Note: You do NOT want to split this up such that one person is responsible for the client and the other the server. The server will be much larger than the client (387 vs 113 lines in my solution*), and you'll need to know the details of both when debugging.

* I didn't optimize my solution for size, but feel free to try making yours shorter. For this lab, smaller solutions tend to correlate with those that work better, typically as a result of cleaner / more thought out design.

Requirements

1. You must use C to implement your server, and it must use select() (rather than threading) to provide concurrency. You may use any language you wish for the client, and you may use threads in the client. I strongly recommend Python for the client, as it makes playing audio much simpler.


2. After it starts up and begins serving clients, your server should never block on any call other than select(). Blocking on a send(), recv(), or accept() is a bug!


3. Your client should be interactive and it should know how to handle at least the following commands:
   • list: Retrieve a list of songs that are available on the server, along with their ID numbers.
   • info [song number]: Retrieve information from the server about the song with the specified ID number.
   • play [song number]: Begin playing the song with the specified ID number. If another song is already playing, the client should switch immediately to the new one.
   • stop: Stops playing the current song, if there is one playing.


4. The client should not cache data. In other words, if the user tells the client to get info for a song, get a song list, or play a song, the two should exchange messages to facilitate this. Don't retrieve an item from the server once and then repeat it back again on subsequent requests. To simplify the file IO, it's fine for the server to keep its data, including the audio files, in memory, but the client should not store data that it isn't actively using.


5. One of the parameters to your server should be a path to a directory that contains audio files and their corresponding information. Within this directory, you may assume that any file ending in ".mp3" is an mp3 audio file. For each mp3 file, there may be a corresponding information file that is identical to the file name with ".info" tacked on to the end. For example, if there were a file in the directory named "song1.mp3", there may also be a file named "song1.mp3.info" containing human-readable plain text information about that song. This info file is what should be supplied when the client issues an info command. I've made my music directory available at /home/kwebb/music, and I've provided code to read the names of these files. Feel free to use that or your own mp3 files for testing. Please do not submit audio files to GitHub!


6. I would like to have a brief (~10 minutes) protocol specification and progress meeting with each group on or before October 27th. I'll post a sign up sheet on my door. For this meeting, you should come prepared to discuss the details of your protocol and the per-client state you intend to keep at the server. I would strongly suggest that your server be capable of accepting connections by this point, so that we can also discuss next steps.
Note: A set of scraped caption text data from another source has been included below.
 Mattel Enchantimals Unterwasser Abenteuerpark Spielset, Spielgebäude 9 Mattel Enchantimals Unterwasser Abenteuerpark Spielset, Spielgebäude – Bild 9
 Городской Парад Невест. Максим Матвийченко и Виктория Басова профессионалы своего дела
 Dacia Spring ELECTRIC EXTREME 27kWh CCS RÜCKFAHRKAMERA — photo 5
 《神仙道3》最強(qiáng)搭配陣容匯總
7. For grading, I'll similarly meet briefly with each group for a demo. We'll handle the logistics of signing up for that when it gets closer to that time. You must still submit your code prior to the midnight deadline.

Grading Rubric

This assignment is worth six points.

• 1 point for designing a reasonable protocol to solve the problem. Please include a very brief protocol reference in your submission.
• 1 point for successfully streaming an audio file over the network.
• 1½ points for the server handling multiple concurrent connections, without blocking, via select(). Your server should NOT use threading. Using threads in your client is fine.
• 1½ points for interleaving different messages (play, list, info, stop) between the client and server. That is, a client should be able to request and receive info while it is currently playing a song.
• 1 point for server resiliency - the server should be able to cope with clients joining and departing at any time. Be sure to check that your server does not crash when trying to both receive from and send to a disconnected client.

Tips / FAQ

• START EARLY! The earlier you start, the sooner you can ask questions if you get stuck. Test your code in small increments. It's much easier to localize a bug when you've only changed a few lines.


• When select() returns, make sure that as you check the FD_SETs, you differentiate between your server socket (that you accept connections on) and client sockets. If select tells you that your server socket is ready for reading, it means you can safely call accept.
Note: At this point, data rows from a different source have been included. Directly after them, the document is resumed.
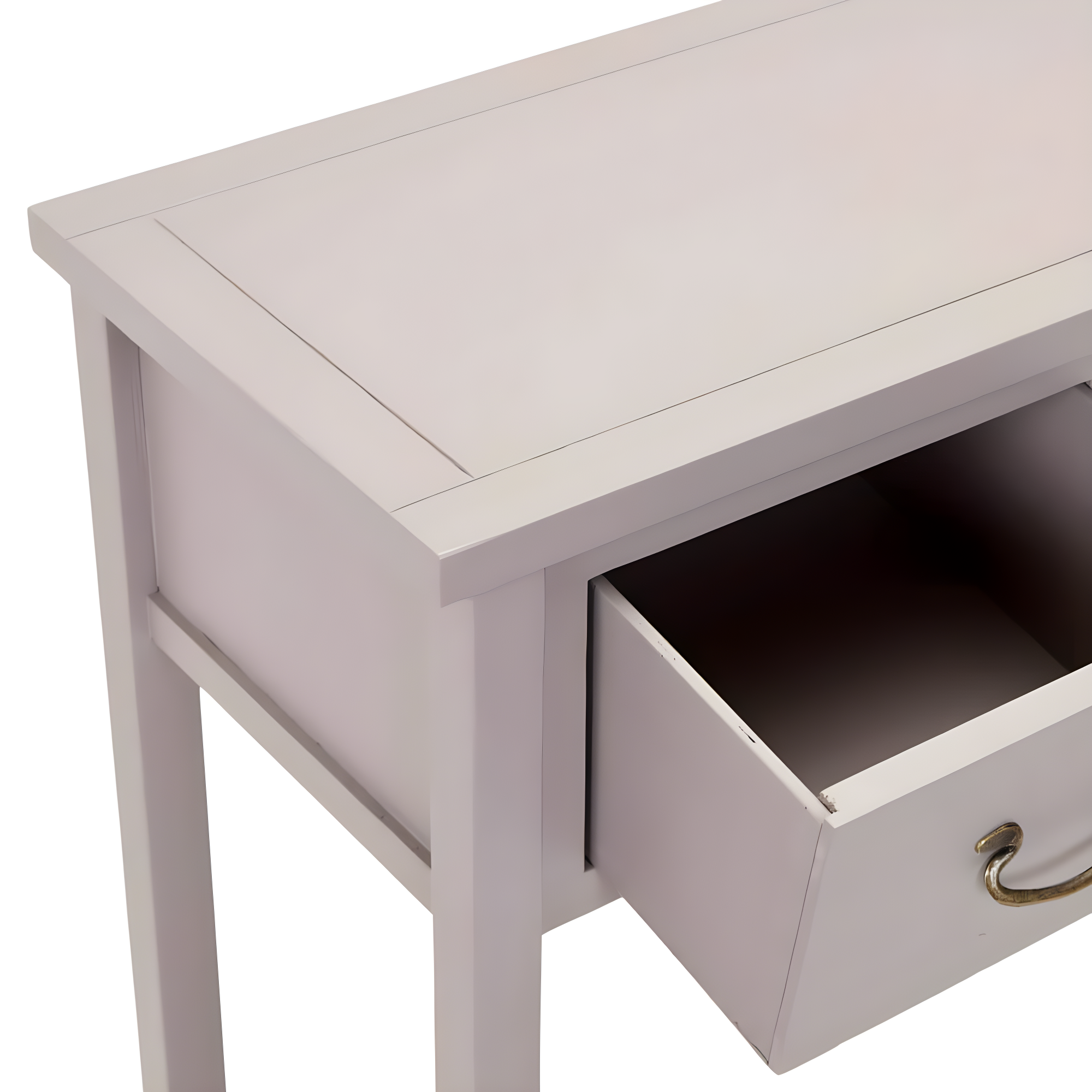 Cindy Console - AMH6568D - Gray - Safavieh Couture
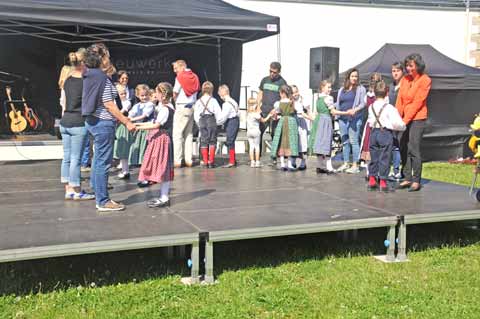 Mitmachtanz zum 19. Familienfrühlingsfest - Citadelle Erfurt - Petersberg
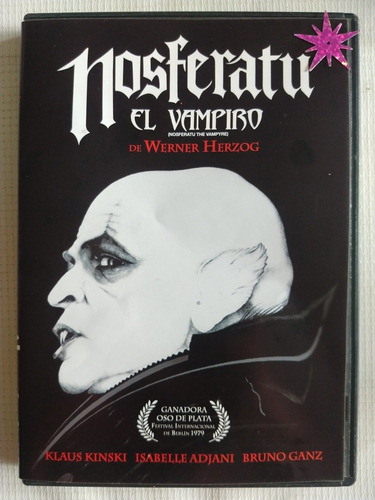 Dvd Nosferatu El Vampiro Klaus Kinski 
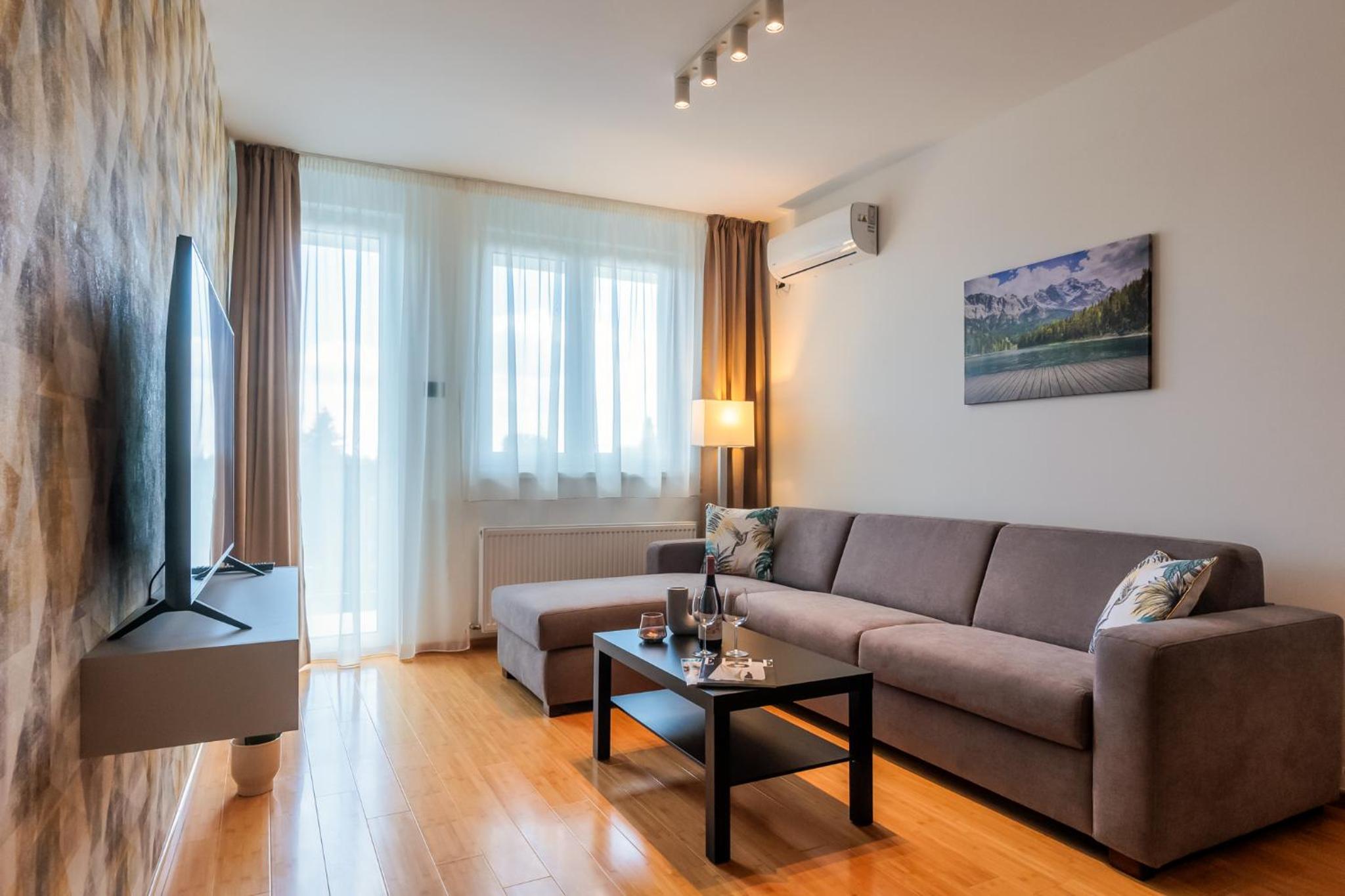 Two-Bedroom Deluxe Apartment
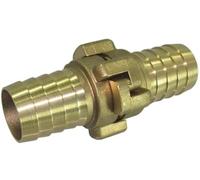 Raccord Barcelone tuyau-tuyau laiton ø40 mm
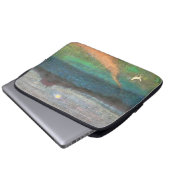 The Cat's Midnight Journey Laptop Sleeve (Voorkant onderkant)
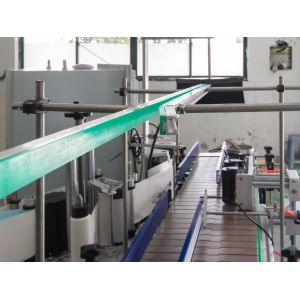 Automatic Round Bottle Labeling Machine 2000-4000 Bottles/Hour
• When select() leaves a socket descriptor in your read/write FD_SET after it returns, it means that you can safely (without blocking) recv/send on that socket once, but not necessarily more than once.
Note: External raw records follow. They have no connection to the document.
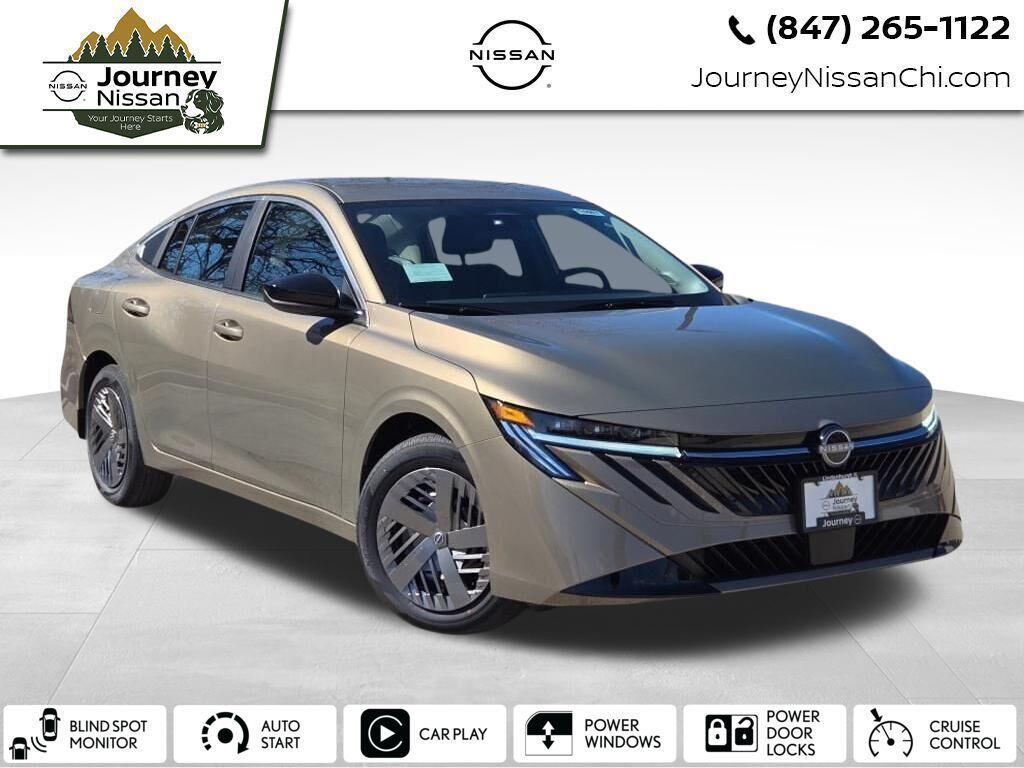 New 2026 Nissan Sentra SV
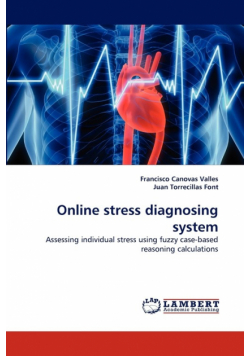 Online stress diagnosing system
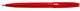 Pentel feutre fin signpen s520 m rouge | 12 pièces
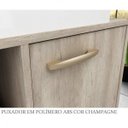 Ver imagem 7 de Gabinete para Banheiro 1 Porta com Espelho e Cuba Anne Colorido/Barrique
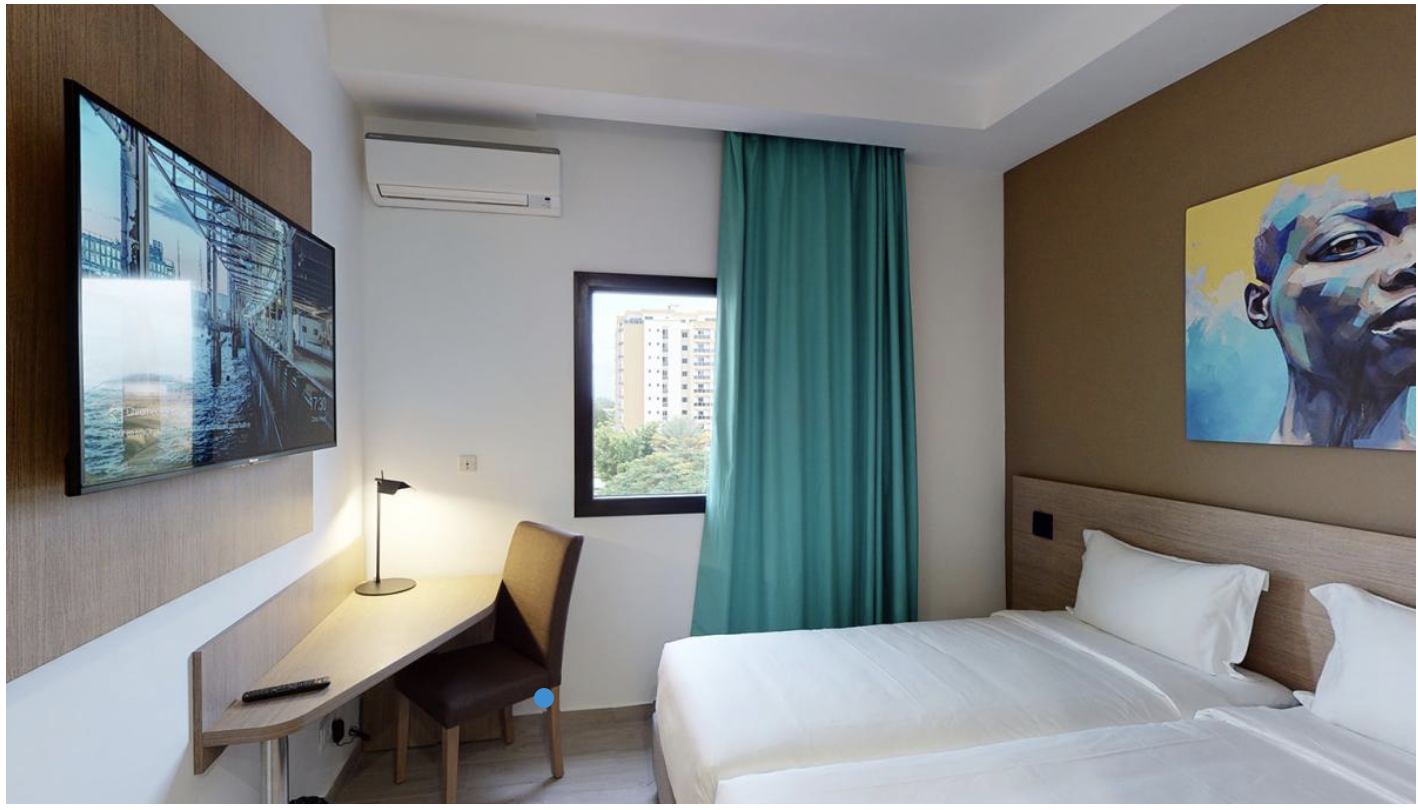 Chambre Twin (2 lits simples)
• Use send() and recv() in as few places as possible. Never call either one on a socket unless select has told you that it's safe to do so, otherwise, you'll block (and potentially deadlock).


• The first argument to the select function is (the largest numerical socket descriptor value in any of the subsequent FD_SET parameters) plus one. For example, if you're populating your FD_SETs with socket descriptors 7, 9, and 10, your first argument to select should be 11 (10 + 1).


• You may find it useful to set your sockets to non-blocking mode. This is not required (you should never block regardless because you should never try to send, recv, or accept unless select tells you it's ok), but it will prevent deadlocking during your testing. Check their return values and errno for EAGAIN/EWOULDBLOCK, which indicate that you made a syscall that you shouldn't have. That's send/recv/accept's way of telling you "I would have blocked on this call had this socket not been set for non-blocking mode."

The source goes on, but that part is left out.